The cheesecakes we had in Poland were wonderful - light, full of flavour and not too sweet.
Tod bakes a great cheesecake, but his recipe is American, has lashings of sour cream on top and is very rich. It also comes with a biscuit crumb base, whereas many of the cakes in Poland have no base.
Over the last few weeks, I've been trying various Polish recipes from the internet, but each time the cheesecake looked great as it emerged from the oven - like a soufflé - but then collapsed as it cooled.
But today's sernik was perfect. The trick I've discovered is to bake the cake at a much lower temperature than most recipes suggest and for much longer and not to over-beat the egg white.
So here's my recipe for the perfect Polish cheesecake....
- Five eggs - separated
- About a kilo of cottage cheese (here in France I use Faisselle which is very wet, so I strain two kilos of it overnight through muslin, which brings the weight down to about a kilo in total)
- 70 gm caster sugar
- 110 gm butter
- 70 gm sultanas (some recipes suggest soaking the sultanas in brandy)
- one tablespoon of potato flour
- one tablespoon vanilla essence
- zest of one lemon
Beat the sugar and butter until nice and creamy. Add the egg yolks one at a time still beating the mixture.
Add the strained cheese to the butter/egg mixture and beat to a smooth texture.

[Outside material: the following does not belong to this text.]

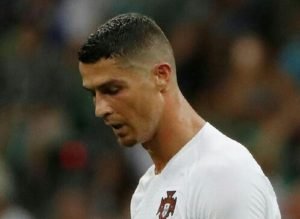 Lionel Messi Dan Cristiano Ronaldo, Sama – Sama Terdepak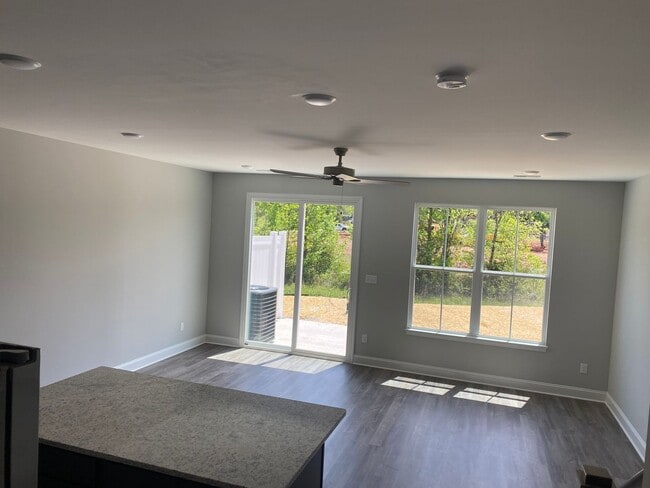 Photo - Modern 3-Bedroom Townhome!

Add the sultanas, potato flour, vanilla essence and lemon zest and beat again.
In a separate bowl beat the egg whites until they are just stiff (but don't go on any longer) and then fold the beaten egg whites into the cheese/egg mixture. Spoon the mixture into a buttered and flour-dusted cake tin.
I use a nine inch diameter cake tin with deep sides and a removable base. I butter and flour-dust the sides and bottom and then line the sides with a double layer of baking parchment.
Most recipes suggest baking at 180°C or even hotter for about 40-50 minutes and this is where I found the frothy mixture rose too much and too quickly and then collapsed. So I now bake at 140-150°C for about 90-100 minutes until the top is just beginning to brown and feels springy to the touch. I also leave the cake in the oven to cool.
It's a struggle to get a French bottle gas oven cool enough and the settings are not subtle, so I have the regulo just below "1" and put the cake tin on the middle shelf on two layers of newspaper and have a tin of water in the bottom of the oven. This slows down the whole baking process, means the cake rises more slowly and stays risen and light. And tastes great!